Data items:
----

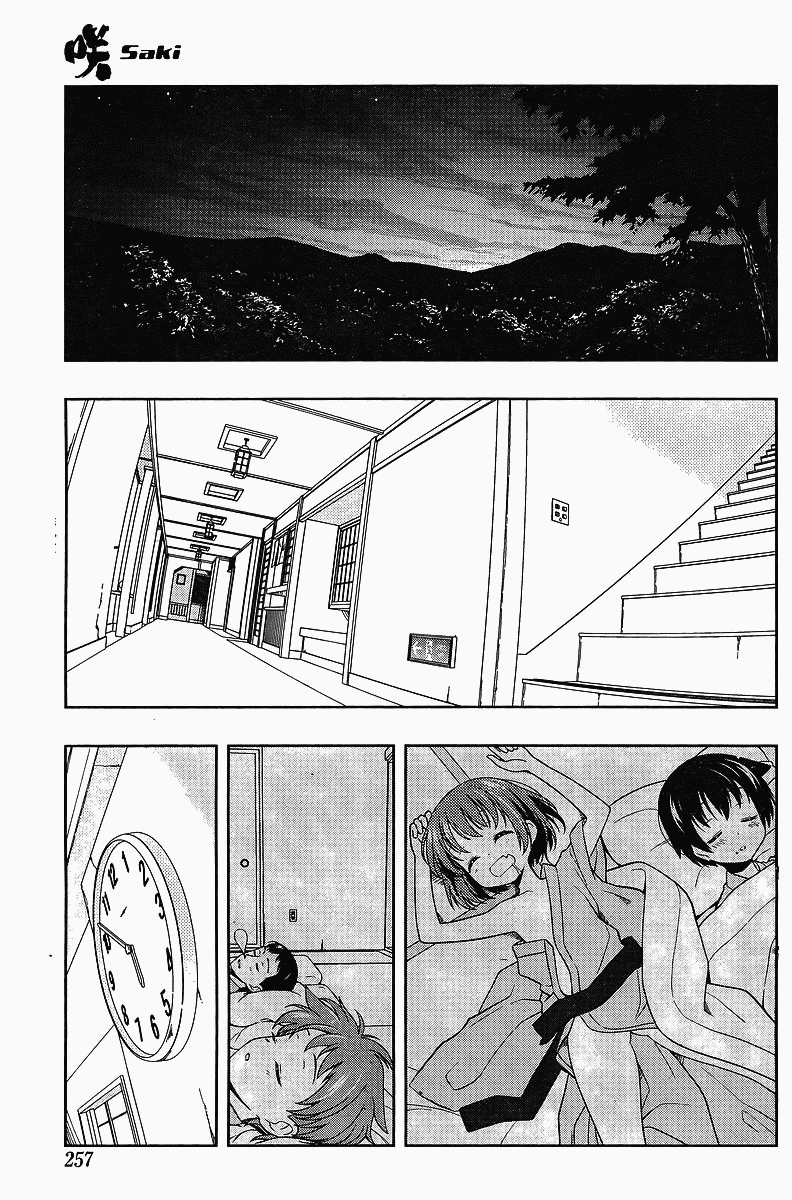 Read Saki En Manga Online
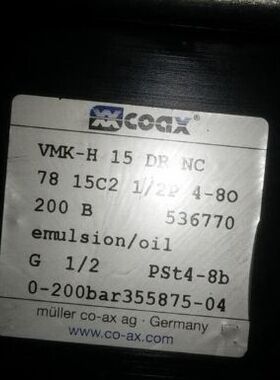 供应COAX VMK-H15DRNC7815C2 1/2P4-80 200B536770 vmk-h15气动阀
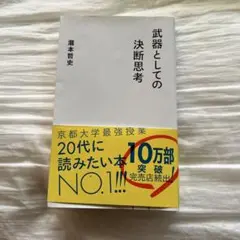 武器としての決断思考 瀧本哲史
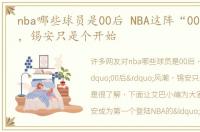 nba哪些球员是00后 NBA这阵“00后”风潮，锡安只是个开始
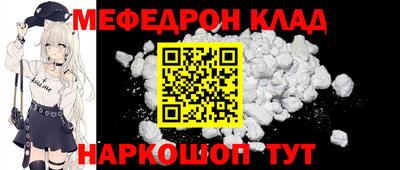 спиды Керчь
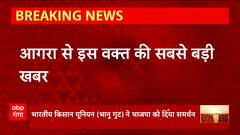 UP Nikay Chunav 2023: BJP के लिए अच्छी खबर, भानु गुट ने दिया बीजेपी को समर्थन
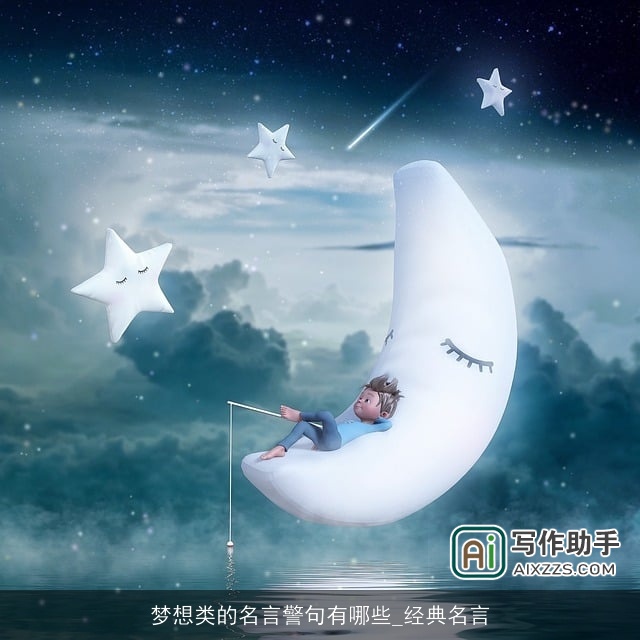 梦想类的名言警句有哪些_经典名言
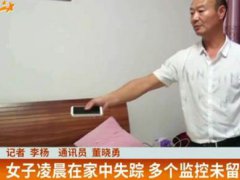 警方通报杭州女子失踪案 杭州女子失踪案后续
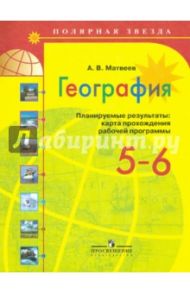 География. Планируемые результаты. Карта прохождения рабочей программы. 5 - 6 классы / Матвеев Алексей Владимирович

----

■ **Aim of the task**:
Would you write out all of the data exactly as it stands, without the pictures?

■ **Written answer**:
 Read Saki En Manga Online
 供应COAX VMK-H15DRNC7815C2 1/2P4-80 200B536770 vmk-h15气动阀
 武器としての決断思考 瀧本哲史
 nba哪些球员是00后 NBA这阵“00后”风潮，锡安只是个开始
 спиды Керчь
 UP Nikay Chunav 2023: BJP के लिए अच्छी खबर, भानु गुट ने दिया बीजेपी को समर्थन
 梦想类的名言警句有哪些_经典名言
 警方通报杭州女子失踪案 杭州女子失踪案后续
 География. Планируемые результаты. Карта прохождения рабочей программы. 5 - 6 классы / Матвеев Алексей Владимирович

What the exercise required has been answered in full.